SİYASİ KONUŞMALARIN ARDINDAN OPERASYON
Ankara Barosu Başkanı Hakan Canduran: Ne yazık ki birtakım siyasi konuşmaların akabinde hukuksal operasyonlar yapıldığını görüyoruz. Siyaseten birileri bir şeyler söylüyor arkasından yargı harekete geçiyor. Siyasal iktidarın yargıya yol göstermek yerine kenara çekilip yargıya karışmaması gerekir. Hukuka uygun olmayan hiçbir davranışın yanında olmayız.
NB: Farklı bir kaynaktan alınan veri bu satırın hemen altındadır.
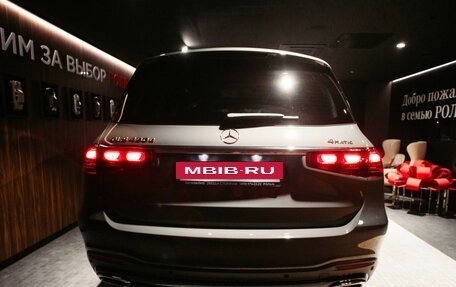 Mercedes-Benz GLS, 2025 год, 20 570 000 рублей, 5 фотография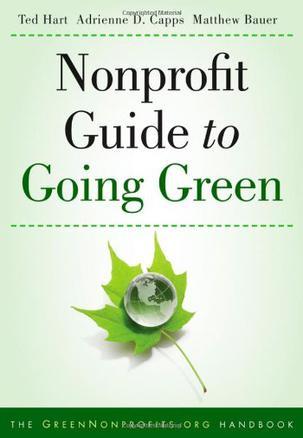 Nonprofit guide to going green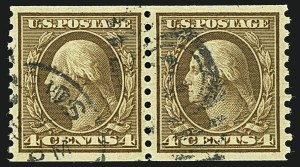 Sale Number 1108, Lot Number 170, 1912-22 Issues (Scott 412-480) Sale Number 1108, Lot Number 170, 1912-22 Issues (Scott 412-480)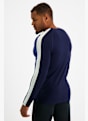icebreaker Merino 200 Sonebula manche longue thermique hommes Bleu 34999 2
ZAMAN'A KAYYIM YASAYA UYGUN DEĞİL
Anayasaya ve Basın Kanunu'na aykırı şekilde yapılan her türlü işleme karşıyız. Esasen Zaman Gazetesi'ne yönelik soruşturma ve suçun kovuşturma şekli yasaya uygun görünmüyor. Siz esasta bir suç işlendiğini düşünüyorsanız usulü de buna uygun yapmalısınız. Basını töhmet altında bırakacaksanız o zaman Anayasa ve Basın Kanunu'na aykırı davranıyorsunuz demektir. Şekli olarak usul işlemi olarak yanlış olduğunu düşünüyoruz. Esasına ise yargı aşamasında karar verilecektir. Basının başına geldiği zaman ortaya dökülen birşey. Türkiye'de düşünce özgürlüğüne karşı hareketler uzun yıllardır var. 13 yıl önce başlayan süreç günden güne yükselmiştir.
BU BİR GÜÇ GÖSTERİSİDİR
HESA Başkanı Prof.Dr. İbrahim Cerrah: Zaman Gazetesine yapılan operasyon siyasi bir operasyondur. Polis, Zaman gazetesine kayyım atanmasını protesto hakkını kullanan insanlara bir saldırıya karşı onların güvenliğini sağlamak için orada olur. Şiddet kullanmasına rağmen kendisine şiddet kullanmayan bir cisim dahi atmayan bir kalabalığa şiddet hukuka aykırıdır. Bu bir güç gösterisidir. Siyasi iktidar polis gücünü kullanarak bir gazeteye el koydu. Buna sahip çıkan okurlarına da şiddet uygulayarak dağıttı. Kamu vicdanı ve uluslararası camiada siyasi iktidar kaybetti.
UTANMA VE MERHAMET YOK
MHP Bursa Milletvekili Kadir Koçdemir: Yapılan çok ciddi bir zulümdür. Adaletsizliği, hukuksuzluğu devam ettirmek için sürekli adaletsizlik ve zulüm yapmaları gerekiyor. AKP'nin yaptığı da o. Tek tutarlılıkları güce, iktidara sarılıp yollarına devam etmek. Bu sürdürülebilir bir durum değildir. İki şey kaybolmadığı zaman insandan umut kesilmemeli. Birisi utanma, ikincisi de merhamet. Ama şu anda muktedirlerde maalesef bu iki duygu da kalmamıştır.
ŞİDDETİ KINIYORUZ
CHP Bursa Milletvekili Lale Karabıyık: Hangi medya kuruluşu olursa olsun kayyım atanması basın özgürlüğüne bir darbedir. Halkın haber alma özgürlüğü kısıtlanıyor. Ayrıca gazete okuru kadınlara yönelik şiddeti de kınıyoruz. Türbanlı olup olmamasının bir önemi yok. Bütün kadınlara yapılan şiddet kabul edilemez. Daha önce Gezi olaylarında başörtülü bacımıza şunlar yapıldı demişlerdi bir şey çıkmadı.
YÜREKLERİ YARALADI
MHP Afyonkarahisar Milletvekili Mehmet Parsak: AKP'nin yıllarca başörtülüler üzerinden propaganda yürütüp bugün geldiği nokta ibret verici. Zaman gazetesi önünde başörtülü birine yapılanlar herkesin yüreğini yaraladı. Bundan rahatsız olmamak için şucu bucu olmak gerekmiyor.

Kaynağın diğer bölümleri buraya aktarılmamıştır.